What a lovely weekend we’ve had so far.

First we visited you, YAY!

Yesterday, we did a lot of gardening. The never-ending weed pit we call our entire property gives us plenty of time to spend together.

Last night we were going to go to an event at the Observatory but Dad decided the cloud cover would make it difficult to see things which would annoy me and frustrate him. Unless it would frustrate me and annoy him. Anyway we didn’t go.

Instead we decided to do some nighttime gardening. Weeding by firefly light. Someone (me) thought it would be a good idea. Someone (Dad) thought we should wear long sleeves and long pants. Someone (me) agreed to wear jeans but absolutely refused to wear a long-sleeve shirt in 90 degree heat with 90% humidity.

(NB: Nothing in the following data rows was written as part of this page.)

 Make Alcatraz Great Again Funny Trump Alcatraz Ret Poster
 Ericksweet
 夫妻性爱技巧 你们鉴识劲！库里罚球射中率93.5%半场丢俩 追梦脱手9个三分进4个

Someone (Dad) suggested he married someone who was silly and stubborn. Someone (me) didn’t disagree and compromised by putting on bug repellent. Out we went.

Someone (the Puppy) patrolled the area, decided it was safe, and assumed guard position by curling up in the mulch and going to sleep. Never seen him sleep in mulch before. He actually slept for a bit, got up, turned around, rearranged the mulch to his satisfaction, and went back to sleep. Dad tried to take a picture but the pre-flash kept waking the Puppy up. Imagine him with his head tucked under his wing and little baby snores floating around his head.

Eventually it got too dark to see what we were doing so we went in. Someone (me) of course had been thoroughly munched. Someone (Dad) suggested long-sleeves might be in order in the future. Someone (me) pointed out that it wouldn’t have prevented the bite I got on my face and if he didn’t stop talking and start helping with the hydrocortisone there would be bigger problems than bug bites. Someone (Dad) compromised by lecturing while he helped with the hydrocortisone. Someone (me) very maturely thanked him while ignoring the lecture.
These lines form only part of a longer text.